Pursuant to 28 U.S.C. § 636(c), the parties have consented to have a United States magistrate judge conduct all further proceedings in this case, including the entry of final judgment. (Docket # 8). Currently before the Court is defendants' motion for summary judgment. (Docket # 62). For the reasons discussed below, defendants' motion is granted in part and denied in part.

Defendants' Motion for Summary Judgment

Defendants seek summary judgment dismissing the complaint in its entirety. First, defendants contend that Joseph Piper's false arrest claim asserted in the seventh cause of action is barred by his conviction for resisting arrest. (Docket # 63-27 at 2-3). Defendants further argue that the claim is time-barred in any event, as are plaintiffs' other state law intentional tort claims asserted in the first and fifth causes of action. ( Id. at 3-4). In addition, defendants maintain that they are entitled to judgment on the negligent supervision and training claims against the City, the Elmira Police Department and Drake asserted in the fourth cause of action because plaintiffs have failed to establish the existence of any municipal policy or practice. ( Id. at 9-10).

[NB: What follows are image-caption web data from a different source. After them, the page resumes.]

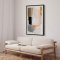 Handmade panting in a frame - Soft Tension - Mixed media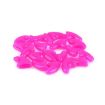 Silicone Cat Nail Caps - 20 PCS, Size S, Rose Red, Soft Pet Protectors - 2
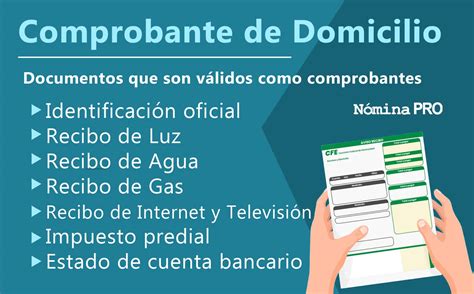 Comprobante de Domicilio Qué es y en qué casos se usa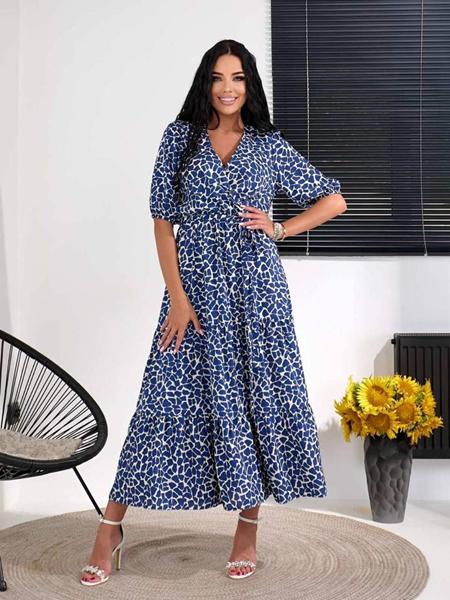 Платье Arina (42-50) 1620 blue (лето)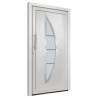 Front Door White 108x200 cm - Elegant & Secure Entrance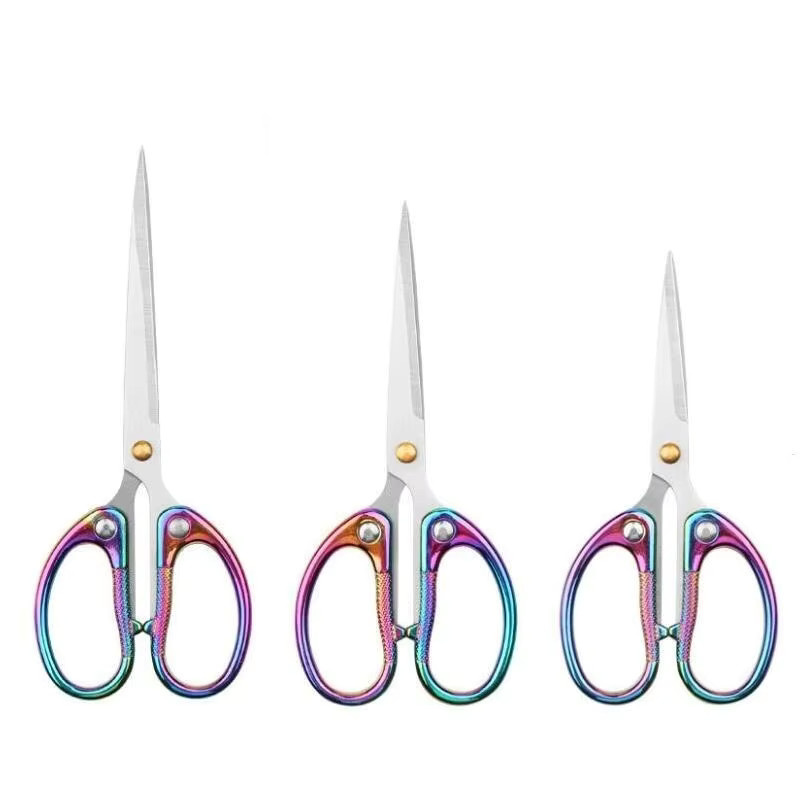 Edelstahl Schneiderschere mit Titan-Überzug für Handarbeiten und Stoffe in Multicolour - Bild 4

Defendants also contend that they are entitled to qualified immunity on plaintiffs' excessive use of force claims asserted in the second and sixth causes of action on the grounds that the force used by the officers was reasonable under the circumstances. ( Id. at 4-7). Finally, defendants urge dismissal of the failure to intervene claim alleged in the third cause of action, contending that plaintiffs are unable to raise a triable issue of fact that any individual defendant had actual knowledge that excessive force was used by any of the other officers that evening. ( Id. at 8).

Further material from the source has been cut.